Directed by Christopher Berkeley & Sam Liu and written by Jase Ricci, Mike Mignola & Richard Pace.
Starring David Giuntoli as Batman/Bruce Wayne, Christopher Gorham as Oliver Queen, Brian George as Alfred, Jeffrey Combs as Kirk Langstrom, and Patrick Fabian as Harvey Dent.
Review by Max Byrne
Batman: The Doom That Came To Gotham is the 48th animated feature film from the DC Universe Animated Original Movies line.
Available now, on Blu-Ray and DVD and as a digital download.
Batman: The Doom That Came To Gotham
Returning from a decade-long voyage of discovery, Bruce Wayne returns to Gotham City, where his parents fell victim to the knife of a madman 20 years earlier. On his travels, Bruce has taken on an international trio of orphaned street kids.
During a deadly Arctic encounter, the Penguin informs Bruce that a doomsday cult is planning Gotham’s destruction. Bruce must now return home and take on the mantle of Batman.
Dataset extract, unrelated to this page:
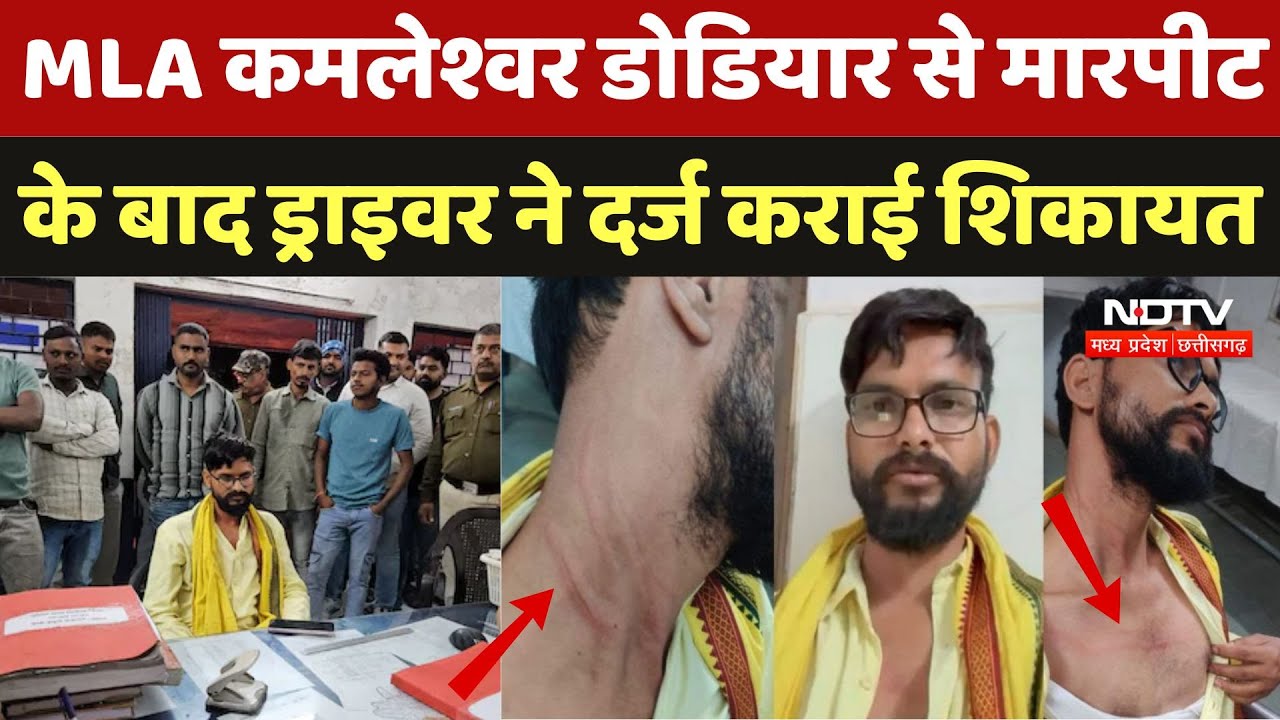 MLA Kamleshwar Dodiyar से मारपीट के बाद ड्राइवर ने दर्ज कराई शिकायत | Ratlam | BAP | Viral Video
However, when this man of science discovers he faces not criminals and crazies but actual ancient magic, fiery demons, and inter-dimensional Old Gods, can he retain his sanity?
Batman: The Doom That Came To Gotham continues the extremely high standard set by the recent hot streak that DC Comics’ animated movie division has been on. Adapting a well-loved, classic tale from the Batman annals is always a duel-edged sword, as the pros of having a built-in, ready audience can sometimes be outweighed by the cons of that audience scrutinizing the adaptation at every turn, with editorial choices sometimes not sitting well with the fanbase.
In my opinion, there are no such issues here, as the script by Jase Ricci, Richard Pace, and the great Mike Mignola does a marvelous job of adapting Mignola’s own source material whilst making enough key changes to give the movie its own identity.
Changing the gender and ethnicity of some of the principal characters might be a divisive move for some, but I feel that it works within this context. This is a Bruce Wayne that has traveled the globe for many years, visiting different cultures and learning about the world. Having two of his protegees be from more exotic reaches than Gotham City really works here, the reinventions of Cassandra Cain and Jason Todd add a rich texture to the proceedings.
As with all the best Elseworlds tales, having well-loved DC characters re-imagined into a new time period is a highly effective storytelling device, as they can step away from the mainstream continuity and exhibit character traits that are a little bit different from what we’ve seen before.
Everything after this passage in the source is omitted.